The facility can receive up to 100 people per day, but this also depends with whether they have electricity or not. It is a big challenge for him and generally a reality in such residential areas where due to illegal electricity connections, there is no reliable energy to power homes and businesses.

“Health education is about having a relationship with people. You speak to them on any matter they have including counselling, family issues, preventive measures and causes of the ailments that are afflicting them. In this, confidentiality is a big one, which many professionals lack in Kenya”, he notes

In doing the health education, he does not charge and admits this could be reason clients flock to him, which he converts to business and helps retain them. He however charges for clinic, diagnostic and pharmaceutical services.

The Mukuru kwa Ruben Slum (also known as the Mukuru community) was born in Nairobi’s Industrial area over 40 years after independence when people began to build make-shift homes near the factories they worked in. The area now has a population of over 700,000 and many families live in corrugated iron shacks measuring 10 x 10 feet. Many of the slum dwellers in Mukuru work as casual laborers in the manufacturing industries situated close to the slum. It is adjacent to Industrial area.

Other than Riverside, other villages in Mukuru kwa Reuben include Kwa Njenga, Lunga Lunga, Sinai, Kingstone, Kayaba and Fuata Nyayo.

At the facility, he has an observation room and other medical equipment but is limited with good facilities. The structure is in a mabati house, which limits his ability to attract more services like using NHIF for payments since they see this as a safety risk. It also has its sanitation realities.

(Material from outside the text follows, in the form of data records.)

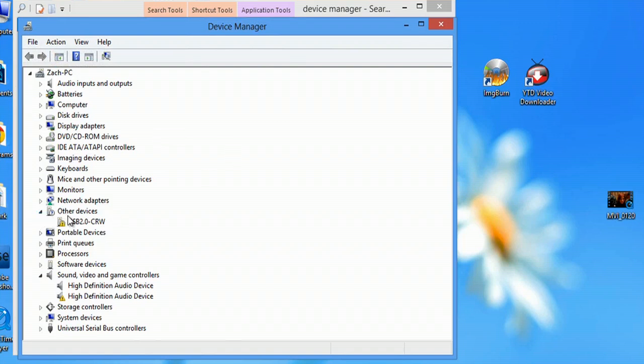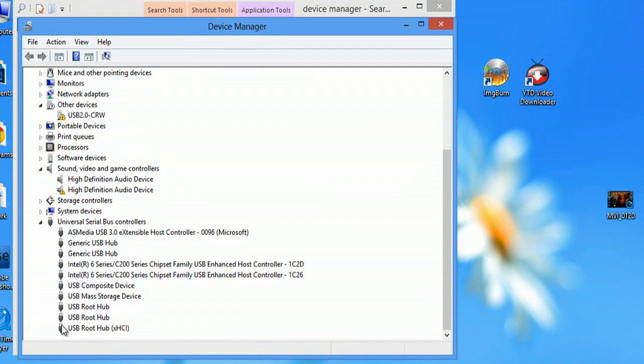Now as you can see, under Other Devices, I have a USB 2.0. And if I go to Universal Serial Bus Controller,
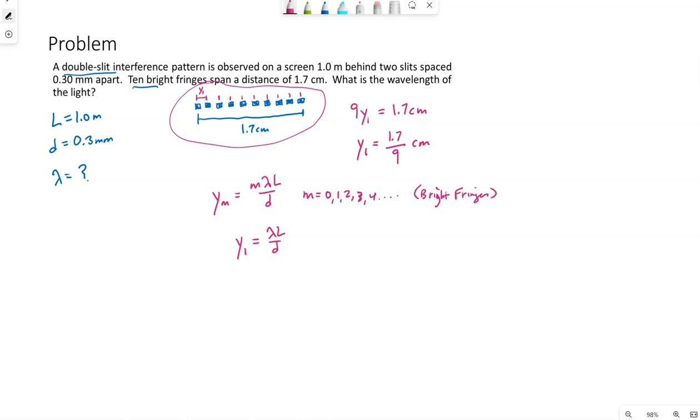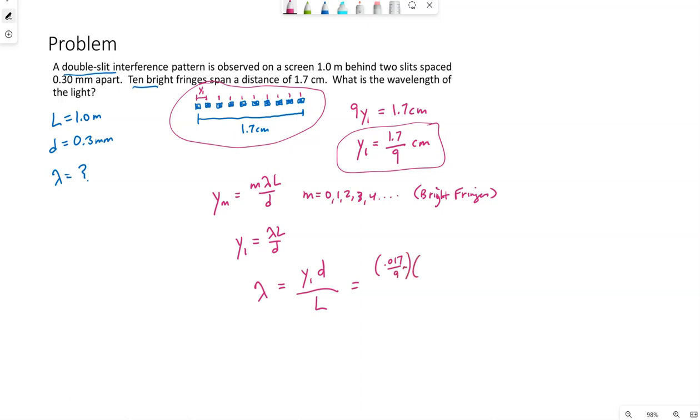So we know Y1. We know D and L. So we can use this to find the wavelength. Now I do want this in meters, or at least I want to watch my units so I know what the units of my answer are. Change my mode because I don't really want to count my decimal places.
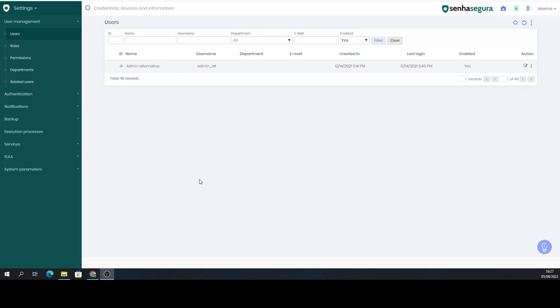Hello, in today's video I'm going to teach you how to do a quantitative analysis of the accesses made by the users inside the Sena Segura Vault.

He has tried to move to a permanent structure but these are very few in the area and those that come up are taken up fast before completion. He is also reluctant to move elsewhere considering the client base he has build and strategic location he is based. Security is also excellent in the area and this is a big consideration for him.

Ndoto Zetu

Chris is a beneficiary of Ndoto Zetu that he applied last year. He received three hospital beds, portable ultra sound scan machine, three pillows, three blankets, delivery set, three mattresses, on call plus glucometer and non-contact thermos gun.

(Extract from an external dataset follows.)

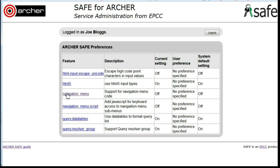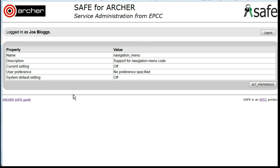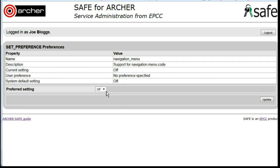Click on Navigation Menu. Click on Set Preference. Under Preferred Setting, select On and then click Update to save the changes.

The portable ultra sound scan machine donated by Safaricom under the Ndoto Zetu program.

It is one year since he received them and is grateful that he is now able to better dispense quality health services. He only mourns his ability to do more due to electricity challenges.

Today, the equipment helps him take patients for observation who can stay for longer hours.

He is also part of Mathews Mission Community Based Organization (CBO) who periodically do free medical and community sensitization in the area. The CBO has 20 members who come in from time to time when needed.

The journey for him started in Tanzania where he studied clinical medicine, then ran a pharmacy in Kibra in 2019 before moving to Mukuru Kwa Reuben.

“Revenues are consistent here and we are able to grow slowly, develop the facility and pay dues we owe. We would certainly be far ahead if we had reliable electricity since we would serve more people consistently. But we are grateful where we are and look forward to helping more people in time”, he quips.